Below is a block of entries; repeat exactly the lines starting at the line that contains "Business woman using" and ending at the line that contains "and Aine O’Mara.", both included.
-- Data excerpts follows --
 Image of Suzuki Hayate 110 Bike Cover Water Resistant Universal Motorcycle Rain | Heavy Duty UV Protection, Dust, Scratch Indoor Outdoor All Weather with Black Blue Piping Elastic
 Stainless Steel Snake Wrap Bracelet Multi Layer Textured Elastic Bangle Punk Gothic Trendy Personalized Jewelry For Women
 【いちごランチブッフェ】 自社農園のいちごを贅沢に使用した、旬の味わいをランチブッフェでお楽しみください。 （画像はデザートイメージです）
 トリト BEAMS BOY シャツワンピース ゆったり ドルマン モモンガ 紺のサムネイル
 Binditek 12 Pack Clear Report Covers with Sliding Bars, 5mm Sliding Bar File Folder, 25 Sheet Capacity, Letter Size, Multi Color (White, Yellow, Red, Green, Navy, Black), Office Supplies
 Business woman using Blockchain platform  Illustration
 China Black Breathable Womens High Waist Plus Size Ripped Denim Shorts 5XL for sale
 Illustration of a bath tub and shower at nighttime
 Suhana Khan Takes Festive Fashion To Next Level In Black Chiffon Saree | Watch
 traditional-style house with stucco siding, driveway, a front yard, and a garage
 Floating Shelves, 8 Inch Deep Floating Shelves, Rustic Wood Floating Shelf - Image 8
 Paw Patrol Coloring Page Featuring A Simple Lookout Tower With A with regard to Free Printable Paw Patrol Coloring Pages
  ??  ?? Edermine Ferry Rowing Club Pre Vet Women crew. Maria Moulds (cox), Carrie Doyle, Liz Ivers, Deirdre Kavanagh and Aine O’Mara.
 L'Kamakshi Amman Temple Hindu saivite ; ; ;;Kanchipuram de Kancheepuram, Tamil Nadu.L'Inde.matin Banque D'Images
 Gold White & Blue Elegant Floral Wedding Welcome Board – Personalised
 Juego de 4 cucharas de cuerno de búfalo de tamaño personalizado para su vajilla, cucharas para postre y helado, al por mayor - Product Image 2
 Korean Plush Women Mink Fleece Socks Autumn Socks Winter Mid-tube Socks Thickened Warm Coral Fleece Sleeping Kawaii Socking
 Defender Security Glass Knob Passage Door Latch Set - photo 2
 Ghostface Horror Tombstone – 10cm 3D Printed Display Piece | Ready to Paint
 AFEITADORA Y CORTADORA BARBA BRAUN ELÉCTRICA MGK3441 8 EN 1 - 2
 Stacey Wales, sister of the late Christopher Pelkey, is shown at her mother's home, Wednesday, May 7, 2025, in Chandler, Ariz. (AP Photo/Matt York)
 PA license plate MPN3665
-- Data excerpts concluded --
## Output below
 Business woman using Blockchain platform  Illustration
 China Black Breathable Womens High Waist Plus Size Ripped Denim Shorts 5XL for sale
 Illustration of a bath tub and shower at nighttime
 Suhana Khan Takes Festive Fashion To Next Level In Black Chiffon Saree | Watch
 traditional-style house with stucco siding, driveway, a front yard, and a garage
 Floating Shelves, 8 Inch Deep Floating Shelves, Rustic Wood Floating Shelf - Image 8
 Paw Patrol Coloring Page Featuring A Simple Lookout Tower With A with regard to Free Printable Paw Patrol Coloring Pages
  ??  ?? Edermine Ferry Rowing Club Pre Vet Women crew. Maria Moulds (cox), Carrie Doyle, Liz Ivers, Deirdre Kavanagh and Aine O’Mara.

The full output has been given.